What stayed with me wasn't just the coursework, but the habit of building and building more. I dont need to explain my self to anyone because you can see the work I have done and effort I made. I'm self-taught I have put in the time and effort to learn what I know now.
I have met some amazing people in the tech community that have helped me and supported me but ive also met some people that have been toxic and have been a negative influence on my life, which is why I'm not afraid to speak my mind and share my thoughts and opinions.

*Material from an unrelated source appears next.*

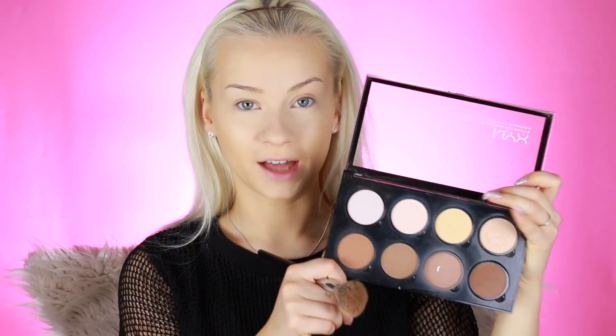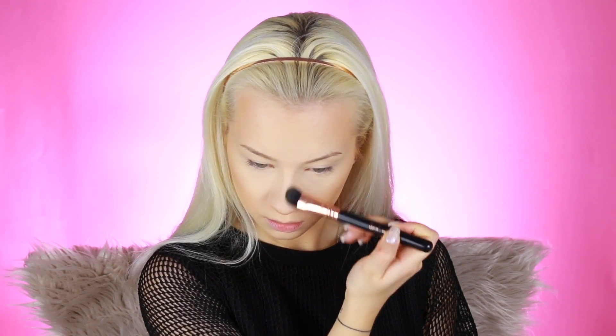For bronzing and contouring, I'm going to use the same NYX palette — I'm going to use this cool-toned color, it's my favorite. For my highlight, I'm going to use this color right here; it's a very subtle highlight, nothing too crazy.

I've always learned best by doing, and most of what I use day to day came from working on projects and figuring things out hands-on.

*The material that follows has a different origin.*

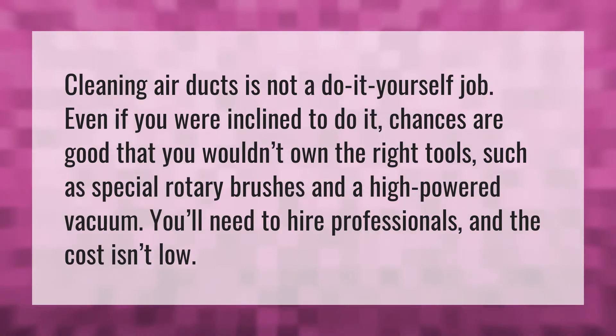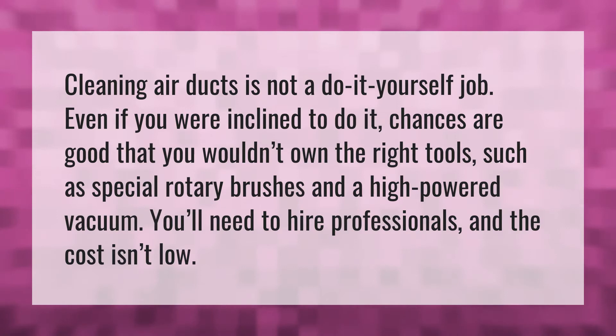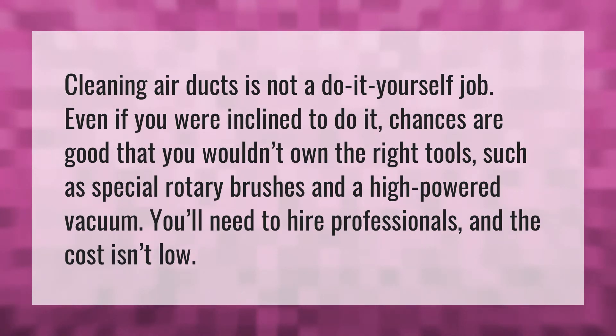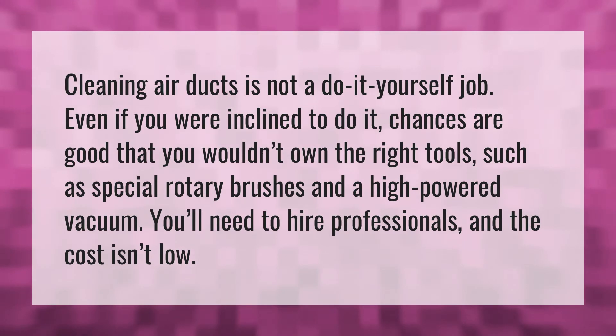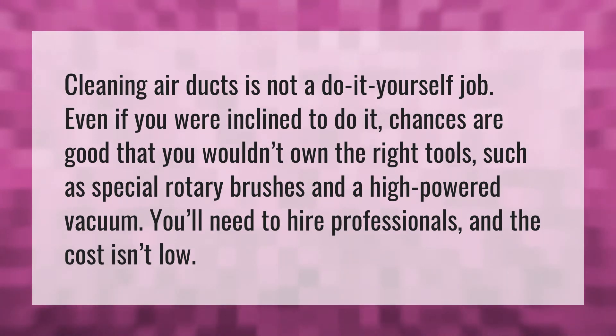Cleaning air ducts is not a do-it-yourself job. Even if you were inclined to do it, chances are good that you wouldn't own the right tools, such as special rotary brushes and a high-powered vacuum. You'll need to hire professionals, and the cost isn't low.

Over the years I've worked across a wide range of stacks and tools, from Laravel and Vue to Tailwind and Livewire.
I rebuilt this portfolio from a VILT stack (Vue, Inertia, Laravel) to a Next.js stack so I could take full ownership of the codebase and keep deployment simple and maintainable. That decision came after I tried hosting it on Laravel Cloud.
I like Laravel and would have stayed with it, but I got charged based on usage for hosting what was basically a simple four-page static portfolio. Other modern providers, like Vercel's Hobby plan, can host that for free, and you can often run app + database on a VPS for one fixed monthly fee. One week I was charged around 20 for a very small site, so for this project Next.js made more sense. I would use Laravel Cloud more in the future if pricing was more predictable and if I was getting paid more per month by clients for upkeep.
In 2025 I won the Codecademy AI Bootcamp with SpecSage, landed a part-time remote role at rConfig, and kept building side projects while taking on freelance work. I'm still growing my skill set and learning in public because it keeps me accountable and, hopefully, helps other developers on a similar path.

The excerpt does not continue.